Materials and Methods

Fly Stocks and Transgenic Drosophila Lines

All fly strains were reared on a standard corn meal, yeast, molasses, and agar medium at 25°C and 45–47% humidity under a 12:12 h light:dark cycle. An isogenic w1118 fly strain (Exelixis strain A5001, BL-6326) was used as the control. The DAT mutants (dDAT) were a gift from Dr. K. Kume (Kumamoto, Japan) (29) and were back-crossed to the w1118 isogenic strain for 7 generations. These mutants have the 5′ portion of a roo transposon inserted into intron 6 of the dDAT gene resulting in an in-frame stop codon (29). All RNAi lines were driven by the TH-GAL4 driver (72), a gift from Dr. S. Birman (Paris, France). Transgenic RNAi strains were obtained from Bloomington Stock Center (Stocks: GFP RNAi #9330, Rpl8 RNAi #50610, Rps26 RNAi #33393, S6K RNAi #42572, Thor RNAi #80427, trbl RNAi #60007, hppy RNAi #53884, srl RNAi #33915, Eip75B RNAi #35780, Sm RNAi #64524).

Behavioral Assay

Flies were aged for 7 days after eclosion, housed in vials containing standard medium, and entrained to a 12:12 h light:dark regime under rearing conditions. Individual aged male flies were then anesthetized briefly with CO2 and placed in polycarbonate tubes containing food consisting of 1% agar and 3% sucrose delivered in water (vehicle) or AMPH solution (10 mM) (Sigma, A5880). Flies were continuously monitored for movement by four infrared beams evenly distributed across the tube using Trikinetics Drosophila Activity Monitors (TriKinetics, Waltham, MA). Locomotor activity was measured by recording infrared beam crossings (activity counts) by individual flies totaled in 2 min bins. All experiments were carried out in a designated behavior room under LD conditions at 25°C and ~45–50% humidity with ad libitum access to food (Vehicle or AMPH). Animals that died within the first 12 h of the experiment were excluded from the analysis. Output files were analyzed in R using the previously published Rethomics framework (73). The mean activity was calculated by binning activity counts over 60 min and averaging across the first night of recording (0–12 h) for each individual animal. Bar graphs were generated using ggplot2 (36, 74) and represent the change in response to AMPH for each group. Error bars indicate SEM. When the assumption of homogeneity of variance for the data was not met, statistical significance was determined by Kruskal-Wallis ANOVA. Asterisks indicate pairwise significance compared to genotype control after AMPH treatment, as determined by post-hoc Dunn's Test with a Benjamini-Hochberg correction for multiple testing, ****p.adj < 0.0001, ***p.adj < 0.001, **p.adj < 0.01, *p.adj < 0.05.

RNA-Seq

PolyA+ selected libraries were produced from individual whole Drosophila brains (4 heads per group). Specifically, total RNA was prepared using the RNAqueous-Micro kit (Ambion) followed by polyA+ mRNA isolation with the Dynabeads mRNA DIRECT Micro kit (Ambion) according to the manufacturer's protocols. Barcoded libraries (Ion XpressRNA) were made using the Ion Total RNA-Seq Kit v2 (Fisher Scientific), PCR-amplified, and quantified with Agilent Bioanalyzer (Agilent). The resulting libraries were pooled and sequenced on the Ion OneTouch 2 System using P1.1.17 chips and Ion HiQ chemistry. Data was collected with Ion Suite (version 4.4.3. 1). Reads were mapped to UCSC dm3 reference genome with tmap-f3 in Torrent Suite (v4.4.3). The raw and processed RNA-Seq data were submitted to the NCBI Gene Expression Omnibus with the Accession Number GSE196162.

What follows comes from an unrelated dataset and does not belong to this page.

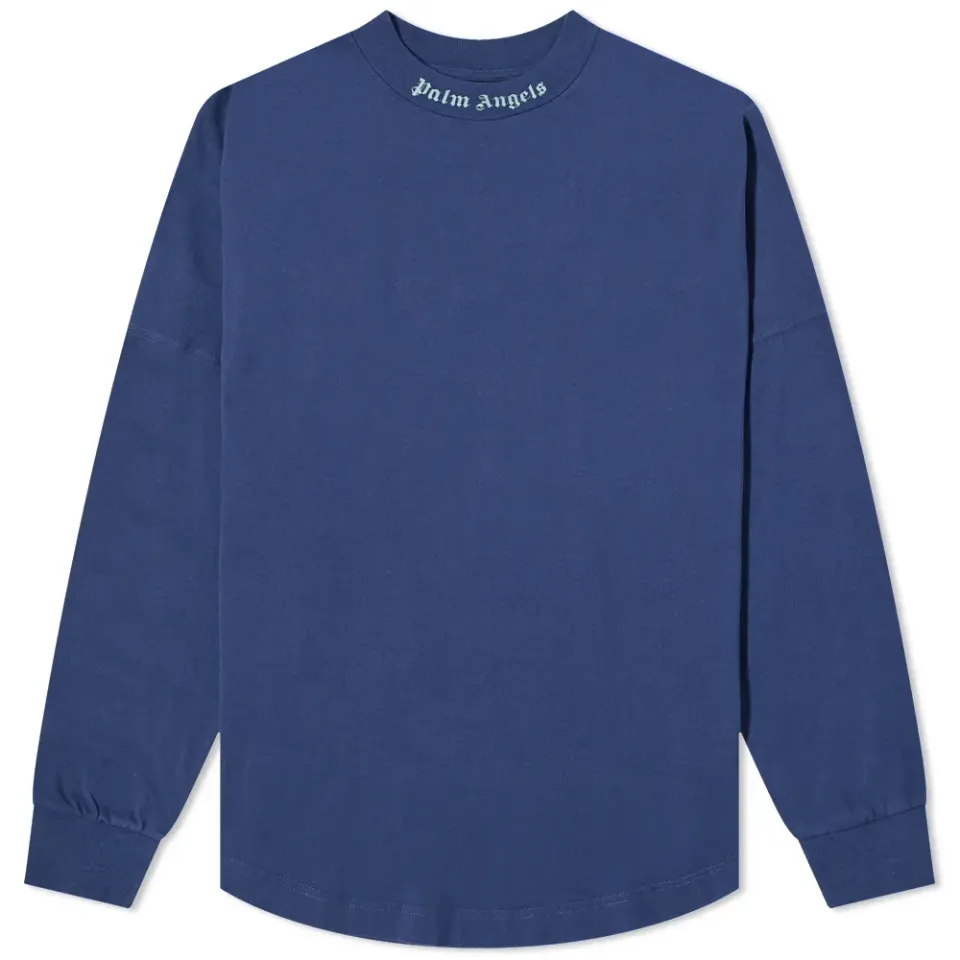 Long Sleeve Oversized Logo T-Shirt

Differential Gene Expression Analysis

Differential gene expression analysis based on the negative binomial distribution model was performed using the DESeq2 R package (33). In this analysis, we first found the differential expression in each AMPH treatment group (namely, the isogenic w1118 flies (WT) and DAT mutant flies) against their respective untreated controls. The differentially expressed genes in each comparison were selected at the adjusted p-value (Benjamini and Hochberg) of <0.1, followed by the analysis of similarities between the resulting gene lists.

Gene Ontology (GO) and Functional Enrichment Analysis

Functional classification of candidate genes was performed using established GO terms and canonical pathways available in the Database for Annotation, Visualization and Integrated Discovery (DAVID) (35). Enrichment in functional GO categories and pathways (from the annotated pathway collections and tools such as KEGG and GO BP terms was assessed using Fisher's exact and hypergeometric tests available through DAVID. Genetic and physical interactions between candidate genes were identified and graphed using the esyN webtool (which uses the Flybase Gene Report and Flybase Interaction Report to identify functional gene networks) (75), and by mining the literature for functional interaction between mammalian homologs of candidate genes.

Data Availability Statement

The original contributions presented in the study are publicly available. This data can be found here: https://www.ncbi.nlm.nih.gov/, accession: GSE196162.

Author Contributions

CK, SK, CH, DG, and JJ designed the experiments. SK designed data analysis tools for functional enrichment analysis. CK, BW, RP, and YZ performed the experiments. CK, BW, IM, QY, SK, and CH contributed analysis tools and performed data analysis. CK, BW, IM, SK, and JJ discussed the results and interpretation of the data and wrote the manuscript. All authors contributed to the article and approved the submitted version.

Funding

This work was supported by U01 DA042233 (CK, BW, YZ, and JJ), a Seed Grant from the Columbia University Data Science Institute (SK and IM), and the Intramural Research Program of the National Institute on Alcohol Abuse and Alcoholism (RP, QY, CH, and DG).

Conflict of Interest

The authors declare that the research was conducted in the absence of any commercial or financial relationships that could be construed as a potential conflict of interest.

Publisher's Note

All claims expressed in this article are solely those of the authors and do not necessarily represent those of their affiliated organizations, or those of the publisher, the editors and the reviewers. Any product that may be evaluated in this article, or claim that may be made by its manufacturer, is not guaranteed or endorsed by the publisher.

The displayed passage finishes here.